(Stored records)
※

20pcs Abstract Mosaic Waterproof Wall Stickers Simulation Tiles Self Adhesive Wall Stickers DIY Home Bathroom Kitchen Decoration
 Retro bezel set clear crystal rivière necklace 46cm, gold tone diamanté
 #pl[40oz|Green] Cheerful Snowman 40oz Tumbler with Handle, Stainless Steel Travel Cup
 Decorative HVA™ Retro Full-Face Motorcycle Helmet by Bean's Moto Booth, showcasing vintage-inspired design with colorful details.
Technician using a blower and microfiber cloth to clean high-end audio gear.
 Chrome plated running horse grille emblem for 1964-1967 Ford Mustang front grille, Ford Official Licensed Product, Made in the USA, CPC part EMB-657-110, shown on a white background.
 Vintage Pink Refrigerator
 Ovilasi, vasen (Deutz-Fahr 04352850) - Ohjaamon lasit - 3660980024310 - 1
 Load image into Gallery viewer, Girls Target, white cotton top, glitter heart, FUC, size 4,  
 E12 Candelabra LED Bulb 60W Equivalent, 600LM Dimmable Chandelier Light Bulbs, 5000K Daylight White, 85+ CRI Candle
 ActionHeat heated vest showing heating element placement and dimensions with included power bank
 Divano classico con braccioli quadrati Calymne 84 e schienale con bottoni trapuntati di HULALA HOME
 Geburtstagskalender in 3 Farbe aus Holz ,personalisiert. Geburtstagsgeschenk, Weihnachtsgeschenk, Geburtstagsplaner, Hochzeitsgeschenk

※

### Problem details
Work out how many lines of the records contain the word "with", and give only that number.

### Task answer
3